This is a major finding of the 2024 IMD World Competitiveness Ranking (WCR), which measures economies with population size and GDP on both ends of the scale.
Switzerland was second and Denmark third, while Nigeria, Ghana, and Puerto Rico made their débuts. The WCR provides these economies with “a timely performance indicator coupling as a unique tool tailored to their specific needs and challenges,” said Arturo Bris, Director of the IMD World Competitiveness Center which produces the yearly ranking.
“It serves as a benchmark for these countries to measure their progress and identify areas for improvement, offering a clear path towards their economic development but also supporting global goals such as the SDGs.”
No sling required for Singapore
Singapore’s performance marks a return to form; last occupying first place in 2020, it then fell to fifth, third, and finally fourth in the following years, while Denmark and Switzerland performed a tussle for power over the top spot.
The data shows a particularly robust performance for the island nation across the areas of government efficiency (the extent to which government policies are conducive to competitiveness) and business efficiency (how well enterprises are performing in an innovative, profitable, and responsible manner).
The other two areas within which the combined 164 pieces of statistical data and 6,612 survey answers are grouped are economic performance (a macro-economic evaluation of the domestic economy) and infrastructure (the degree to which basic, technological, scientific, and human resources meet the needs of business).
“The best-performing economies balance productivity and prosperity, meaning they can generate elevated levels of income and quality of life for their citizens while preserving the environment and social cohesion,” said Bris.
Ireland dropped to fourth, while Hong Kong SAR improved two positions to take fifth place and Sweden advanced the same number of spots to take sixth.
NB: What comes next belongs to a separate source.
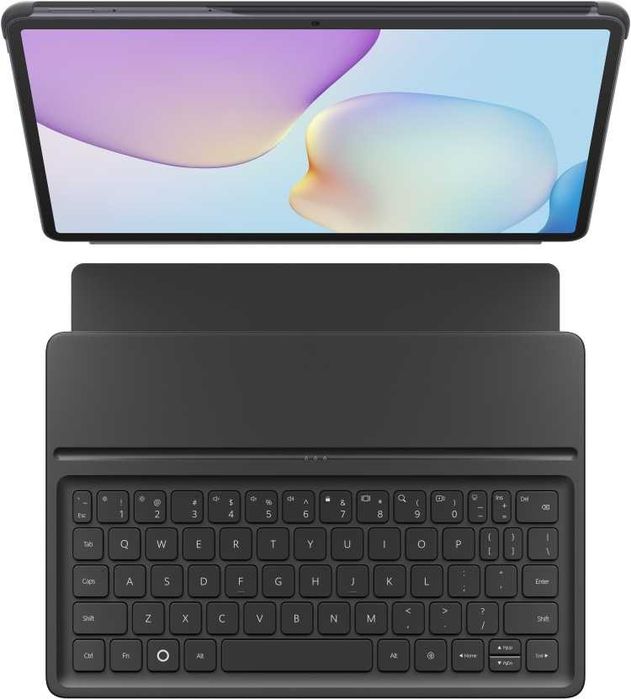 продам 2 планшета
The UAE climbed three places to take seventh, while Taiwan (Chinese Taipei) dropped two places into eighth. The Netherlands fell to ninth, and Norway rose to tenth.
On a regional level, Eastern Asia improved, while Western Europe remained “rather stagnant” reaching its lowest average position since 2020.
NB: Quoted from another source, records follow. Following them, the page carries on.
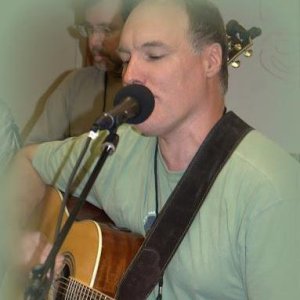 jp_guitar2.jpg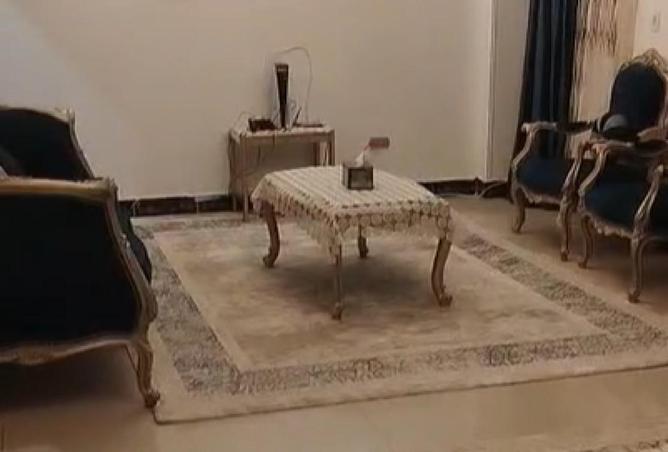 8653056 - صورة العقار 2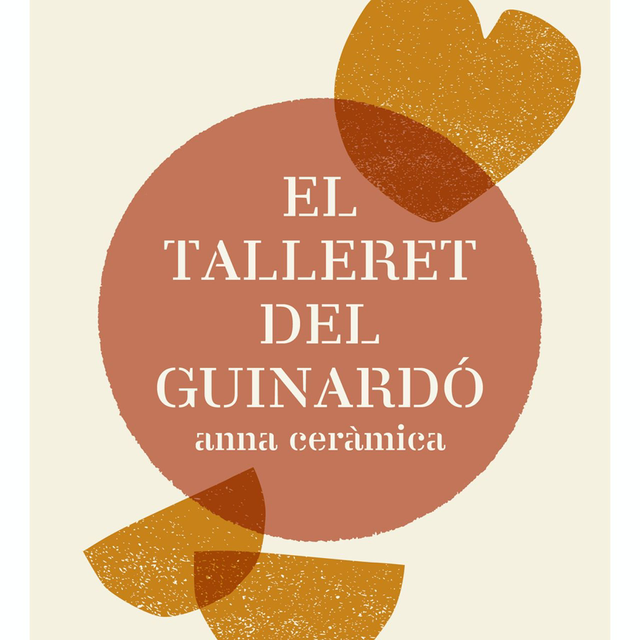 Taller de modelado de 4 días para 1 persona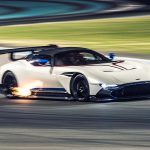 Aston-Martin-Vulcan-Top-Gear
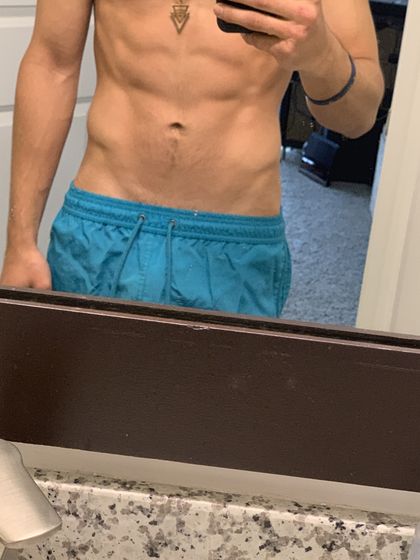 letmebedaddy OnlyFans picture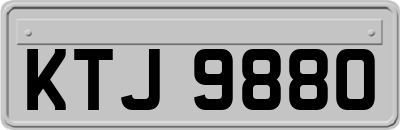KTJ9880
AI and the productivity promise
AI can seem like a honey pot to economies seeking productivity boosts. “At the micro level, the recent surge in AI-based technologies could boost efficiency and productivity significantly,” said WCC Senior Economist José Caballero.
It does, however, pose further challenges for businesses. “One of the key challenges for companies is how to implement AI systems that improve efficiency without disrupting business activities. Another is ensuring a chosen AI system’s accuracy; inaccurate systems lead to inefficiencies and reduced productivity. Furthermore, there is a cost-related challenge given that initial investments in AI technology can be substantial while the ongoing costs of maintenance and upgrades to the systems can be significant.”
Caballero pointed to WCC research on executives’ views from the WCR economies about major business trends in 2024. Among a series of detailed questions, respondents were asked to select up to three trends they considered to be having the greatest impact on businesses in 2024. AI adoption (55.1%), the risk of a global economic slowdown in economic activities (52%), and geopolitical conflicts (36.1%) gained the most votes.
When analyzed by sub-region, AI is the top concern for executives from Western Europe, Western Asia & Africa, Ex-CIS and Central Asia, Southern Asia and the Pacific, North America, and South America.
Executives from Eastern Asia and Eastern Europe are most concerned about a global recession, while across the board environmental issues and climate change remain low concerns for executives: 27% consider the transition to zero emissions to be an important trend in the short term, and 12.2% the impact of global warming.
With executives under pressure to balance short-term and long-term priorities, environmental risks are being pushed to the back of the queue.
The true disruptive effects of AI on the economy and financial markets may not become apparent until there’s a downturn, which could spiral into a full-blown crisis unless the risks of AI are addressed, the IMF’s Managing Director Gita Gopinath warned just last month.
Gopinath said the technology could convert an otherwise ordinary downturn into a much deeper economic crisis by disrupting labor markets, financial markets, and supply chains. Discussions on AI’s risks had largely focused on privacy, security, and misinformation, neglecting the very real risk of AI amplifying the next recession.
Aside from the conversation about AI’s risks, it must be remembered that an economy’s competitiveness – that is, the way it juggles its competencies – cannot be reduced to GDP and productivity only, the WCR report says. The way different political, social, and cultural dimensions are handled also dictates the long-term growth and value creation of an economy measurable by job generation and boosts to general welfare, for instance.
In the case of Singapore, potential headwinds to maintaining its position include seizing opportunities and managing disruptions from new technologies such as AI, by supporting workers in reskilling and businesses in transformation. But navigating an uncertain external environment amidst heightened geopolitical tensions and enhancing its competitiveness amidst resource constraints are just as significant, Singapore’s Ministry of Trade and Industry told the WCC.
The city-state’s small size and its maritime (as opposed to continental) setting have gone in Singapore’s favor.